::: Given data

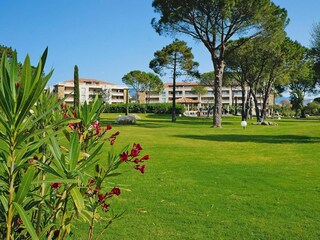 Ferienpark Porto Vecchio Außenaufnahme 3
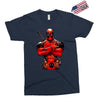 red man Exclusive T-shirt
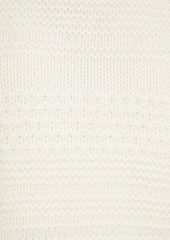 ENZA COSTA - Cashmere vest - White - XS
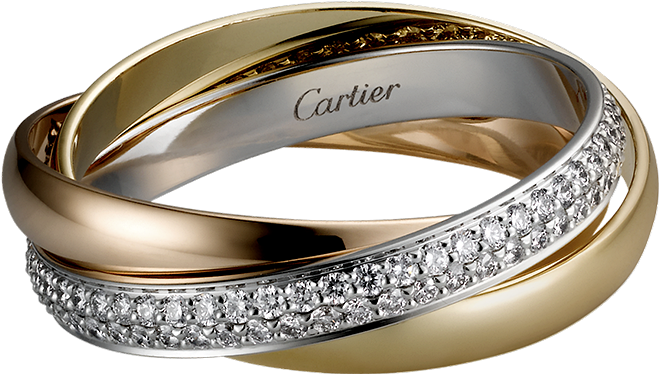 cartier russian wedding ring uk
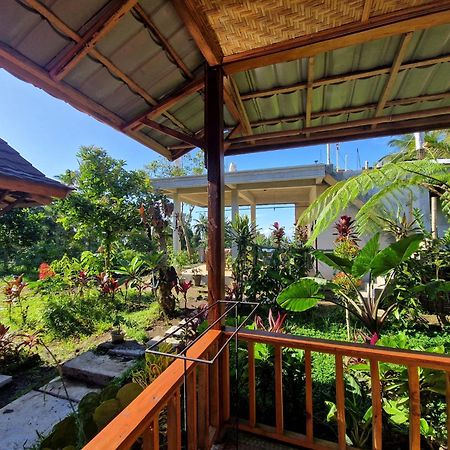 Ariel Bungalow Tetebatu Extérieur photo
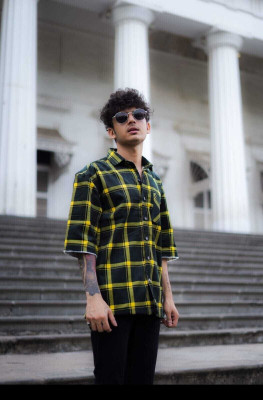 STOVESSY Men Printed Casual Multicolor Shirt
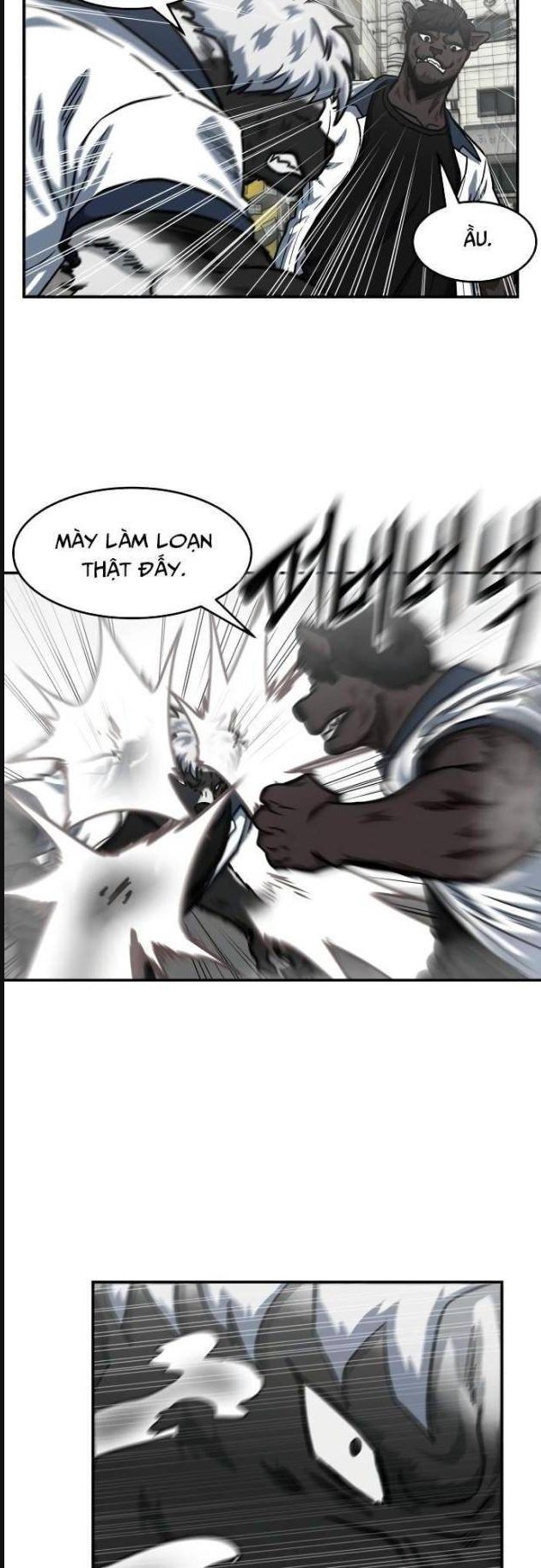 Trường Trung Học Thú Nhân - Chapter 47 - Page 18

::::::
::: Given data

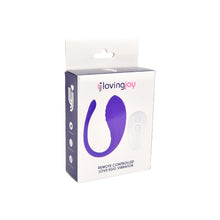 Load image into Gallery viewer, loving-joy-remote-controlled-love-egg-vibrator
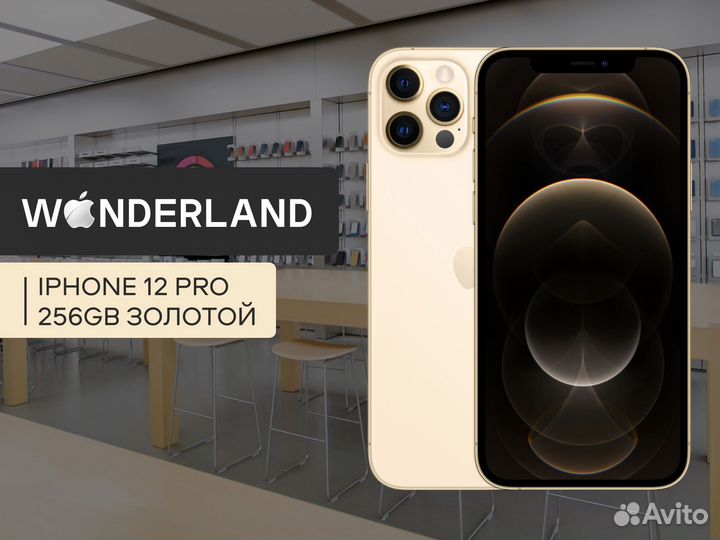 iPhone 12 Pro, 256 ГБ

::::::

**Work to be completed:** From the records above, return exactly the lines running from the one that contains "ENZA COSTA - Cashmere vest - White - XS" down to the one that contains "Trường Trung Học", both included, without any pictures.

**Exercise response:**
 ENZA COSTA - Cashmere vest - White - XS
 cartier russian wedding ring uk
 Ariel Bungalow Tetebatu Extérieur photo
 STOVESSY Men Printed Casual Multicolor Shirt
 Trường Trung Học Thú Nhân - Chapter 47 - Page 18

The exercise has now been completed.